New research (more accessible) suggests that Boron-Hydrogen fusion may be viable, and doesn't leave behind a radioactive reactor.
our simulations show for example that 14 milligram HB11 can produce 300 kWh energy if all achieved results are combined for the design of an absolutely clean power reactor producing low-cost energy.
Now where did I leave my petawatt lasers?
(Score: 2) by Immerman on Sunday December 17 2017, @03:26PM
A joke of the saddest sort, since if you measure it in terms of progress per dollar, it has been proceeding roughly in line with initial projections when the "20 years away" claim was first made. Unfortunately, funding has been declining steadily since then so that at any moment it pretty much always remains 20 years away at the then-current funding levels.

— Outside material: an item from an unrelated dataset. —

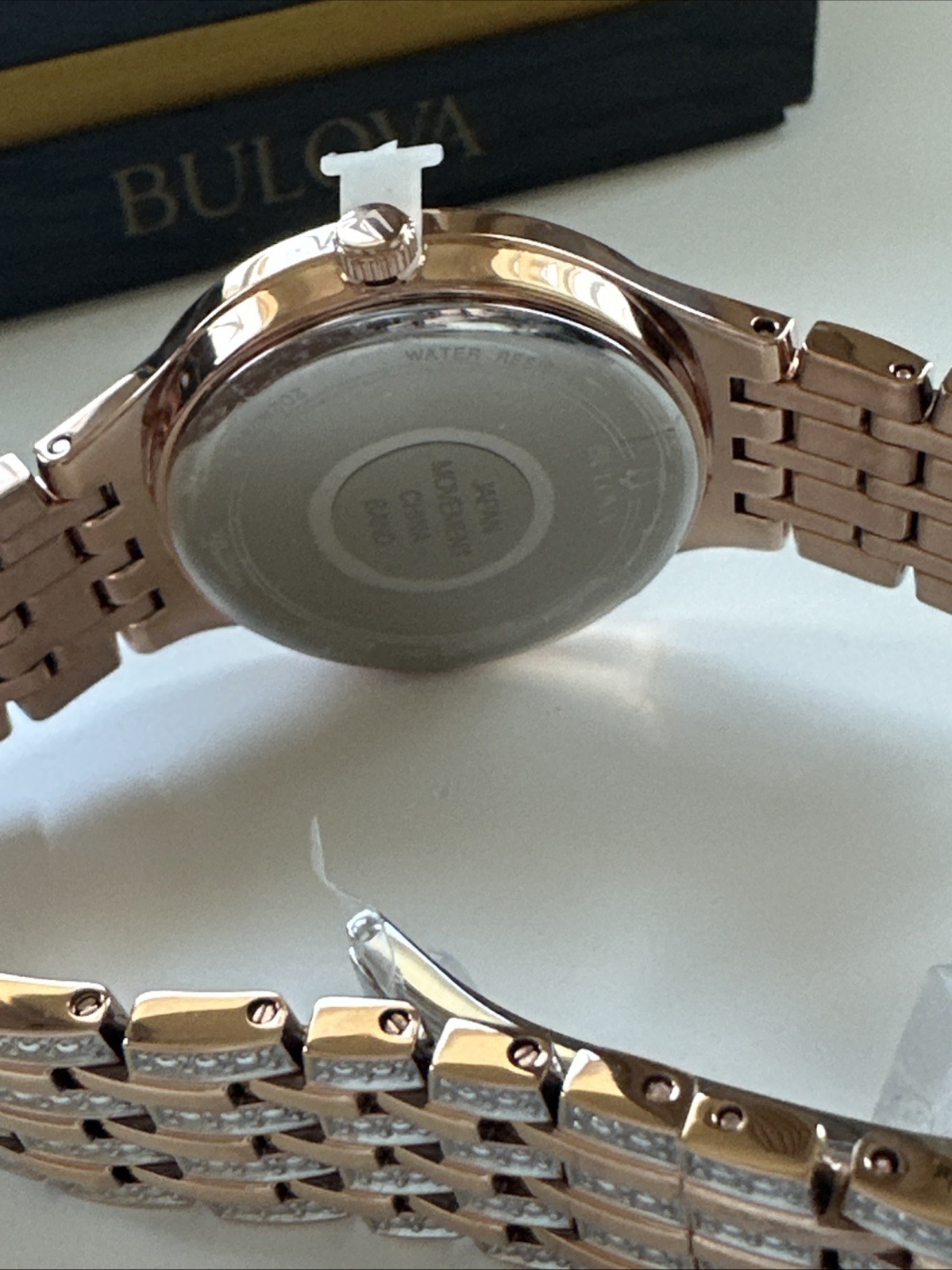 Bulova Quartz Women’s Pave Dial Crystals Rose Gold Watch 32mm 98L235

If you were feeling especially cynical you might even suspect that the purse strings were being controlled by someone(s) with a vested interest in making fusion into a running joke.
On the bright side, the slowly vanishing funding for tokamak fusion has inspired many other groups to make impressive progress on various shoestring-budget alternative fusion technologies that could be deployed in a much more distributed fashion - though even that tends to suffer from ever-diminishing budgets. For example there's my personal favorite: the late Dr. Bussard's Polywell fusion team, now EMC2, sounds like it had reached the point where they are ready to build a full-scale (10m diameter) net-positive reactor. And, judging from the trickle of publicly available information from their last progress reports while funded by the NAVY, the prototypes have likely already successfully demonstrated aneutronic p-B fusion in addition to the much easier D-T fusion.